Each episode is a series of brilliantly improvised scenes in which “Larry” battles to assert his rights against everyone, from his long-suffering wife Cheryl (the wonderful Cheryl Hines) to his famous friends Ted Danson and Mary Steenburgen (themselves).
Seinfeld was a “show about nothing”; Curb also toys with minutiae. Who cares if the singular of scissors isn’t scissor? Larry cares. Yet his idiosyncratic worldview is not restricted to syntax. Curb also delights in smashing a whole range of taboos.
Larry doesn’t worry about doing the appropriate thing, he just does as he pleases. Why not invite a sex offender to a Passover feast? Or pretend to have learning difficulties to test people’s liberal credentials?

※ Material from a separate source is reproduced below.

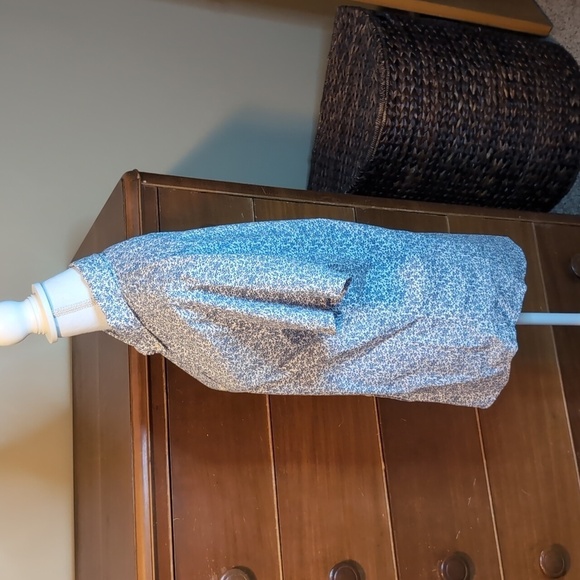 Abercrombie & Fitch Short Sleeve Button Up Stretch Super Slim SZ L - Picture 5 of 13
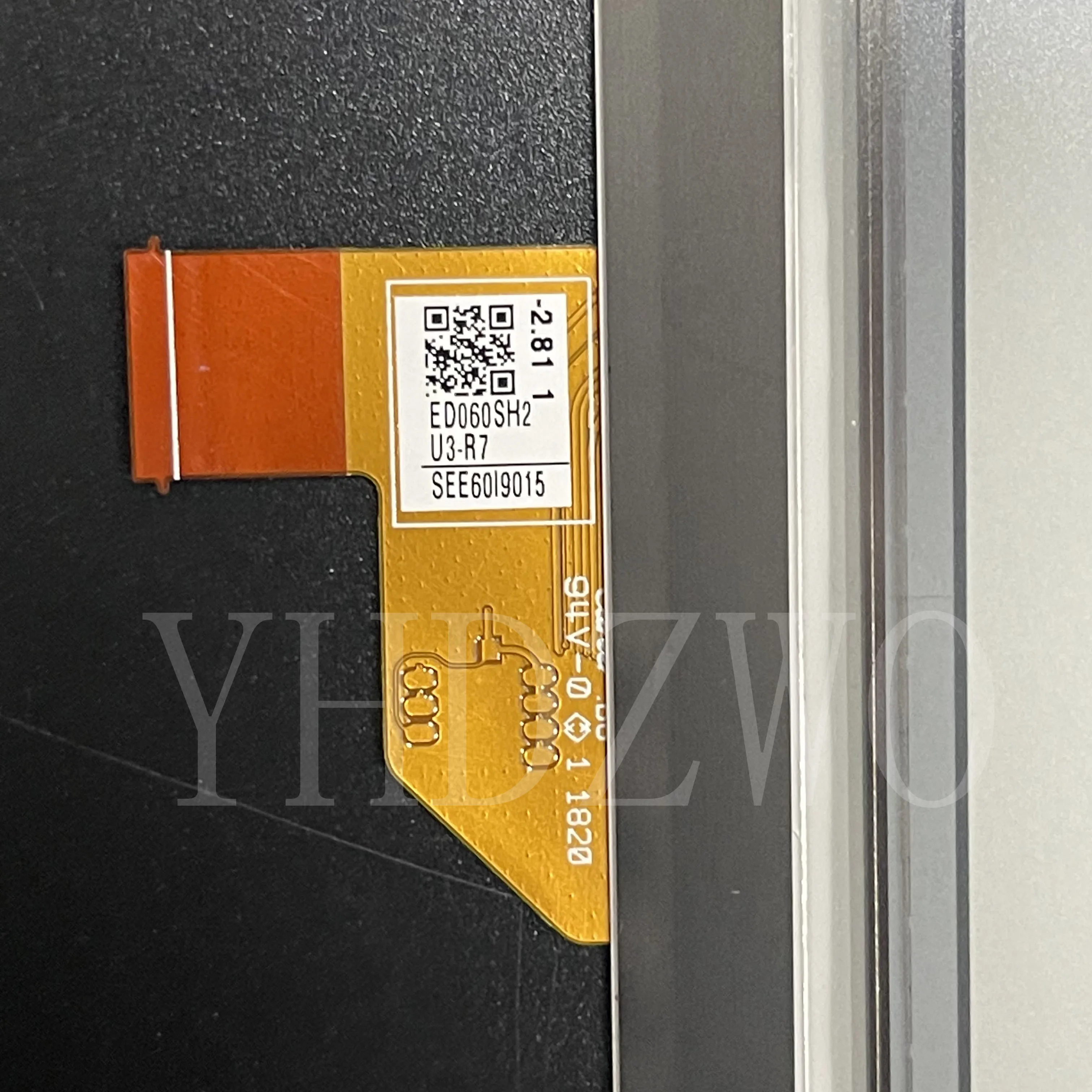 Новый 6-дюймовый дисплей Eink 167PPI ED060SH2(LF) для экрана kindle 2019 J9G29R, бесплатная доставка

According to Larry David — the real one — no subject can be off-limits.
Even when he tries to do the right thing, he does it wrongly. Social blunder follows colossal faux pas until you’re either rolling on the floor laughing, hiding behind your hands in embarrassment, or both.
Curb provides a skewed view of a rarefied LA, and it’s tempting to see Larry as a cynical New Yorker adrift in La-La Land. But really he is an alien, fighting the social conventions of humanity itself.
So why does such an obnoxious man appeal? Perhaps he voices something in all of us, that rage at the frustrations of mundane life. He is our id writ large. Let him shout in the street for you.